EXERCISE
From the records below, transcribe only the lines running from the one with "imageCOOFANDY Mens Casual" through the one with "New Cat &amp;". Keep both of those end lines.

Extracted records
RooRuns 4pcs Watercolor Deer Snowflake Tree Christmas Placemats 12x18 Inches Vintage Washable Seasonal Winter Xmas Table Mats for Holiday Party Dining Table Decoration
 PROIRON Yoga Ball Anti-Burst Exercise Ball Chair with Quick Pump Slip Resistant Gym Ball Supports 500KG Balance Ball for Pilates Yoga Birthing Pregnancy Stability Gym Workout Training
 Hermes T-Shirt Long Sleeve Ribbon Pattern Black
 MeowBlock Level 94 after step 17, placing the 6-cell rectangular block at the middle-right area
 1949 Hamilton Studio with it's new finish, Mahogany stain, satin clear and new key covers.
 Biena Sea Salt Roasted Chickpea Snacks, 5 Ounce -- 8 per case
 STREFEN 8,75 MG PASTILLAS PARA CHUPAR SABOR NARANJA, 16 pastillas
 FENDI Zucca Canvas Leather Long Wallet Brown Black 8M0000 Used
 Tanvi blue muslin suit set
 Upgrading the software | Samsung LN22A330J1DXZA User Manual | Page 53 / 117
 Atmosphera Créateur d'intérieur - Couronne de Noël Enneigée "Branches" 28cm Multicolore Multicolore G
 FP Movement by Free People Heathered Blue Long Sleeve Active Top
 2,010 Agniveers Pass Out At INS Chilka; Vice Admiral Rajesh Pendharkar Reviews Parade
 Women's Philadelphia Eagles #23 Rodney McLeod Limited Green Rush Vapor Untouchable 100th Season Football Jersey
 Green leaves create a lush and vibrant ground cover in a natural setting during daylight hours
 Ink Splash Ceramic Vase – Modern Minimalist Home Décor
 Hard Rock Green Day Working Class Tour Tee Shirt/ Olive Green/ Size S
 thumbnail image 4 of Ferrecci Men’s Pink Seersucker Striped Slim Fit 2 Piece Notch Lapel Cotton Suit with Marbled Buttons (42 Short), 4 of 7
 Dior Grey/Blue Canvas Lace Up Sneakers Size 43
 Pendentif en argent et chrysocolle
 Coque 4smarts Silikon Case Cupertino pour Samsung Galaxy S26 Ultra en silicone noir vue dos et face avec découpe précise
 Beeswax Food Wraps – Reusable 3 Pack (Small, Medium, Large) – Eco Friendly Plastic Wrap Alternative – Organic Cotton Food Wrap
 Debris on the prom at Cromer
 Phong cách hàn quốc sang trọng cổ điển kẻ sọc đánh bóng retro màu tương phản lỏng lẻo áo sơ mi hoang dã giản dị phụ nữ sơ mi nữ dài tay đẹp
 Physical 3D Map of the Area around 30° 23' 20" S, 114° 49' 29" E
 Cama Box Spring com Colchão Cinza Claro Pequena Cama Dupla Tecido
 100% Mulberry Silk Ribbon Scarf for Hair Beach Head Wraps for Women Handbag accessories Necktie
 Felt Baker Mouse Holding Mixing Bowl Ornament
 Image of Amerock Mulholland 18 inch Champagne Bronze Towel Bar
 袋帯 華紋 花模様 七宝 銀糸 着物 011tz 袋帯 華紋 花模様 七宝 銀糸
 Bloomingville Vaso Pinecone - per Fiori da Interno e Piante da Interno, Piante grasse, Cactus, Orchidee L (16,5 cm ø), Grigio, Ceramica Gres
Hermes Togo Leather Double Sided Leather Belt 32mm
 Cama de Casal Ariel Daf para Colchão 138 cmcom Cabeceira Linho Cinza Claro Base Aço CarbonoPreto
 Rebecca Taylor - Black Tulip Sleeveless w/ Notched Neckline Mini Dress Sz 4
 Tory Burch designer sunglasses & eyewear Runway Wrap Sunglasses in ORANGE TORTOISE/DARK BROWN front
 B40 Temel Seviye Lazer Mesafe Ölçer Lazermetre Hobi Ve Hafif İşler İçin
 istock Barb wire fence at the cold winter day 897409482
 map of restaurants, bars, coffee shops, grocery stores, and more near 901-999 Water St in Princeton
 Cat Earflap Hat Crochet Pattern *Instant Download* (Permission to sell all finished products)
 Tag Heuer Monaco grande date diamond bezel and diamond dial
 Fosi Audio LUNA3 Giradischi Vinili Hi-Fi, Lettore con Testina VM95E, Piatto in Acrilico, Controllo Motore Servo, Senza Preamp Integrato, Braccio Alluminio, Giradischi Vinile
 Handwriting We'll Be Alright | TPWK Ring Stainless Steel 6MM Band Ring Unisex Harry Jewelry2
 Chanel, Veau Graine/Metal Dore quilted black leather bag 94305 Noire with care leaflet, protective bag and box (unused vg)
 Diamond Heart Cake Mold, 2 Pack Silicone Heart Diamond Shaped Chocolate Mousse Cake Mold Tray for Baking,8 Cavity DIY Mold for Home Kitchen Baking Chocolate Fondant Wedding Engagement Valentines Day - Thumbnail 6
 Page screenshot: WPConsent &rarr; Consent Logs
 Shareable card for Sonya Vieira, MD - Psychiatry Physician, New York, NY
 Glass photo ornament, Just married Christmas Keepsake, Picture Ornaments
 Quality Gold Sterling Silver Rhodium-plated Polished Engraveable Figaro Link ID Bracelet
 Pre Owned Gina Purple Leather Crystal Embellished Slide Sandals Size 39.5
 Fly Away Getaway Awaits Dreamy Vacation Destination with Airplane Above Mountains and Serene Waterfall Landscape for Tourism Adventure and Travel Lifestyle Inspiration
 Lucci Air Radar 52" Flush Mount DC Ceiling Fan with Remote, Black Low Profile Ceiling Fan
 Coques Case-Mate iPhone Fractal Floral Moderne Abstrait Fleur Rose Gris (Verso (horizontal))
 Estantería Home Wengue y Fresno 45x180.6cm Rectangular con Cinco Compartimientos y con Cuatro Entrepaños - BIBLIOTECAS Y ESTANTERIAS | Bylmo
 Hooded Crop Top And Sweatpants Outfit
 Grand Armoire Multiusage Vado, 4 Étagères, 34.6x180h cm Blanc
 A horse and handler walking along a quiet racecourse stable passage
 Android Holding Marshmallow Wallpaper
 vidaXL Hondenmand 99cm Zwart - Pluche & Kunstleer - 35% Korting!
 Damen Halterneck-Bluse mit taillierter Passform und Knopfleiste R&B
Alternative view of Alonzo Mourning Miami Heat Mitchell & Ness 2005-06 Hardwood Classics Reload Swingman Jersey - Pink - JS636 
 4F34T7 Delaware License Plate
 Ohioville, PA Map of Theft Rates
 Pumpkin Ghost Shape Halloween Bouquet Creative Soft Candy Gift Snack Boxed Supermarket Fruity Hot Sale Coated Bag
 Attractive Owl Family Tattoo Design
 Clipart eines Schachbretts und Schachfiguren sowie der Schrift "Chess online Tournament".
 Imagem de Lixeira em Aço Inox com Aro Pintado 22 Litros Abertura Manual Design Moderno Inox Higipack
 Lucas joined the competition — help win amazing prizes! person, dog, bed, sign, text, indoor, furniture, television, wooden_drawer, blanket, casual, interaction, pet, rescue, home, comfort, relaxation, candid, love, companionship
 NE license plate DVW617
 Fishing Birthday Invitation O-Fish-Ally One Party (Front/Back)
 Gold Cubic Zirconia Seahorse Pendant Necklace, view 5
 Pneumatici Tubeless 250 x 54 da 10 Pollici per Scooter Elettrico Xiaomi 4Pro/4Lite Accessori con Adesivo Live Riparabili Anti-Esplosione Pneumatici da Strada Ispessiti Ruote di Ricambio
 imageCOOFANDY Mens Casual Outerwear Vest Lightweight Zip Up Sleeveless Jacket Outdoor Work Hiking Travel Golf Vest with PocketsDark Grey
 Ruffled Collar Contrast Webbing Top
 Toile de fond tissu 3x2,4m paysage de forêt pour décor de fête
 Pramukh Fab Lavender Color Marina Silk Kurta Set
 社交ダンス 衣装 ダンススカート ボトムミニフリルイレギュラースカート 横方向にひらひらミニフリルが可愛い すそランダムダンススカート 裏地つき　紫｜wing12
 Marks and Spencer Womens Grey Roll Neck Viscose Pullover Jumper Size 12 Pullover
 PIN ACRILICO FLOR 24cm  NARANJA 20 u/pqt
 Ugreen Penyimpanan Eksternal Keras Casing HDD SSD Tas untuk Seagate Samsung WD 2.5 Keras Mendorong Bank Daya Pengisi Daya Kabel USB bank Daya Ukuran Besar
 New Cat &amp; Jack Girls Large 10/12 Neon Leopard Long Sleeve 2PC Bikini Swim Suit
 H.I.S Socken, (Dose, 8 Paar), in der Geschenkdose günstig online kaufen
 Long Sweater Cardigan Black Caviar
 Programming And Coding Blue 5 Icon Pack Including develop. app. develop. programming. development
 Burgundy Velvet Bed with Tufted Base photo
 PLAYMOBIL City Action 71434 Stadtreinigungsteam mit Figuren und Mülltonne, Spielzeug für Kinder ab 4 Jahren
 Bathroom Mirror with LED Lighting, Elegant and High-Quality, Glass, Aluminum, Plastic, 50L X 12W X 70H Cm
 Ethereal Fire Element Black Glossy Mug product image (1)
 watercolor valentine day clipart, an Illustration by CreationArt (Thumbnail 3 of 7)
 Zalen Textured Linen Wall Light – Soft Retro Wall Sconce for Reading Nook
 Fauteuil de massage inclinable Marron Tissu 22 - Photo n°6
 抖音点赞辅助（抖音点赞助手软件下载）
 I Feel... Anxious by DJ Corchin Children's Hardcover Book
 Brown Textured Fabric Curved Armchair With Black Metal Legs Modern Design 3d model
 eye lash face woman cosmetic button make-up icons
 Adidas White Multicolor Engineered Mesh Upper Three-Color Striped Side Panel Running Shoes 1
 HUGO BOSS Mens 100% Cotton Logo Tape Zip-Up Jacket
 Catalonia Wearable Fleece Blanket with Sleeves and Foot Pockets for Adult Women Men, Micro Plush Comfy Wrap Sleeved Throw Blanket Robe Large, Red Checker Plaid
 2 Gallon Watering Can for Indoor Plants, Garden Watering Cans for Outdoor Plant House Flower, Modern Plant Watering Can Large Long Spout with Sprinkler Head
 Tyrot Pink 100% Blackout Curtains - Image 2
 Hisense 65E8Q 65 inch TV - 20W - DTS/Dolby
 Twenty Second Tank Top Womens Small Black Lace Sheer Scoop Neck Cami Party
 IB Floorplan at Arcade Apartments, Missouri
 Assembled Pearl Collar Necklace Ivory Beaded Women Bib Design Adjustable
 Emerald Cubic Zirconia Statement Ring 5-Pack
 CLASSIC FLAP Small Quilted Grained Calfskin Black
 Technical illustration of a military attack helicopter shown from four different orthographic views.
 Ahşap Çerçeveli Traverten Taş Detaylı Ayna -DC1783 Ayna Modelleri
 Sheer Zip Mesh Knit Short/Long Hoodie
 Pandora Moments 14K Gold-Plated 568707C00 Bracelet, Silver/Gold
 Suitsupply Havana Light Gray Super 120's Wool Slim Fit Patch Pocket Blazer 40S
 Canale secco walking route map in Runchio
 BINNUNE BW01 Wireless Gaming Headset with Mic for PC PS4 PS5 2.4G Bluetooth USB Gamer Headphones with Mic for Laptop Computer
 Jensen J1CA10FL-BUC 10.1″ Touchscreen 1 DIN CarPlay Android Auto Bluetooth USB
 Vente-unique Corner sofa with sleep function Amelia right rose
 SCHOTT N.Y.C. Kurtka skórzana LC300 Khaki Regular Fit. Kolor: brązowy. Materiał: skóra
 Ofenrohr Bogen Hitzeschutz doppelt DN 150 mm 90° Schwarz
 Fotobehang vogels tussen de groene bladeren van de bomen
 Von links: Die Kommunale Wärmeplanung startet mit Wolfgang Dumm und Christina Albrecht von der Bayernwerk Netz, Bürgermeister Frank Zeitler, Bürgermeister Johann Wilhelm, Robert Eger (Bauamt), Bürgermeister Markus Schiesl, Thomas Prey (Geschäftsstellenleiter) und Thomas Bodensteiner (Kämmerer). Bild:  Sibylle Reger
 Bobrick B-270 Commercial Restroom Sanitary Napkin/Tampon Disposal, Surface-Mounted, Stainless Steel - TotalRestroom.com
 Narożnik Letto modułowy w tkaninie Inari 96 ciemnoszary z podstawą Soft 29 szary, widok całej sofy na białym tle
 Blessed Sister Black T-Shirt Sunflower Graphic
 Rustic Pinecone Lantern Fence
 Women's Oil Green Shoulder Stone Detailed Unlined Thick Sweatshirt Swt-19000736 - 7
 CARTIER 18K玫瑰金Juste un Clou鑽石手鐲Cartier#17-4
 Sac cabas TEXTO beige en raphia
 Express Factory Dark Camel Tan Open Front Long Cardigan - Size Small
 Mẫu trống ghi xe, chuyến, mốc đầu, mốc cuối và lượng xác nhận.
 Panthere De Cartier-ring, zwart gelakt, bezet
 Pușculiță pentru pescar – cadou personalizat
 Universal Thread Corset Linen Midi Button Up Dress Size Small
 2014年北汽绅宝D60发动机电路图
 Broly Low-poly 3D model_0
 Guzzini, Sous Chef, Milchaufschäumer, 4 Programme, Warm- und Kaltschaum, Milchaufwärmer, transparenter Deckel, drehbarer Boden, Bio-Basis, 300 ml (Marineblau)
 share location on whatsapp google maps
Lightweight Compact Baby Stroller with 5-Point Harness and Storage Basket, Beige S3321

EXERCISE OUTPUT
 imageCOOFANDY Mens Casual Outerwear Vest Lightweight Zip Up Sleeveless Jacket Outdoor Work Hiking Travel Golf Vest with PocketsDark Grey
 Ruffled Collar Contrast Webbing Top
 Toile de fond tissu 3x2,4m paysage de forêt pour décor de fête
 Pramukh Fab Lavender Color Marina Silk Kurta Set
 社交ダンス 衣装 ダンススカート ボトムミニフリルイレギュラースカート 横方向にひらひらミニフリルが可愛い すそランダムダンススカート 裏地つき　紫｜wing12
 Marks and Spencer Womens Grey Roll Neck Viscose Pullover Jumper Size 12 Pullover
 PIN ACRILICO FLOR 24cm  NARANJA 20 u/pqt
 Ugreen Penyimpanan Eksternal Keras Casing HDD SSD Tas untuk Seagate Samsung WD 2.5 Keras Mendorong Bank Daya Pengisi Daya Kabel USB bank Daya Ukuran Besar
 New Cat &amp; Jack Girls Large 10/12 Neon Leopard Long Sleeve 2PC Bikini Swim Suit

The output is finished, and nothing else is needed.